The Motion Picture Association has said that the fact some creators produced parts of a movie with the help of AI shouldn’t render those portions uncopyrightable. Take a hypothetical example of a superhero movie. The movie may be copyrighted, but what about scenes involving AI-assisted visual effects depicting a space battle? At the forefront of studios’ concerns: the protection of their rights if the underlying characters and scripts are protectable but not certain portions that incorporate material generated by AI. A copyright carveout for certain scenes, the MPA has said, isn’t tenable. It’s argued in favor of not having to comply with the copyright office’s registration requirements since applying them would have “significant, negative real-world consequences.”

Provisions in U.S. intellectual property law barring the copyrightability of AI-generated material severely hampers the commercial viability of productions that utilize the technology since they would enter the public domain. Several studios forbid the use of AI in writers’ room and have some scribes sign certificates of authenticity attesting that they wrote scripts themselves.

“Contracts say you need to ask permission of studios, and a lot of studios’ policies is that it’s simply not allowed,” said showrunner and writer Mark Goffman (Bull, Limitless, The West Wing) at AI on the Lot, a conference AI in the entertainment industry last year.

This is in line with some distributors having production entities for projects they buy attest that generative AI wasn’t used in the moviemaking process.

It remains to be seen whether regulators move toward a copyright scheme that’s more receptive to protection for works in which AI was utilized. Complicating the conversation is the possibility of courts ruling that the training of AI systems on copyrighted works constitute infringement, though most visual effects workers that have adopted the technology use open source models that don’t pose that risk.

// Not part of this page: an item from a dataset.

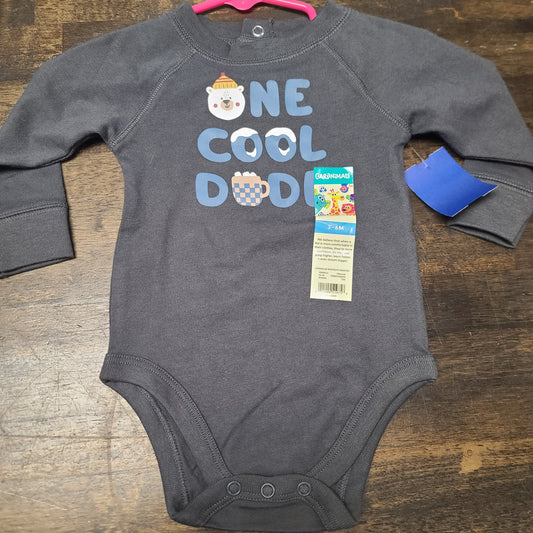 grey garanimals one cool dude long sleeve onesie, 3M B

Consistent with earlier guidance, the copyright office clarified that current technology doesn’t afford users enough control of the ultimate output for the use to be considered sufficiently creative.

“In theory, AI systems could someday allow users to exert so much control over how their expression is reflected in an output that the system’s contribution would become rote or mechanical,” the report states. “The evidence as to the operation of today’s AI systems indicates that this is not currently the case.”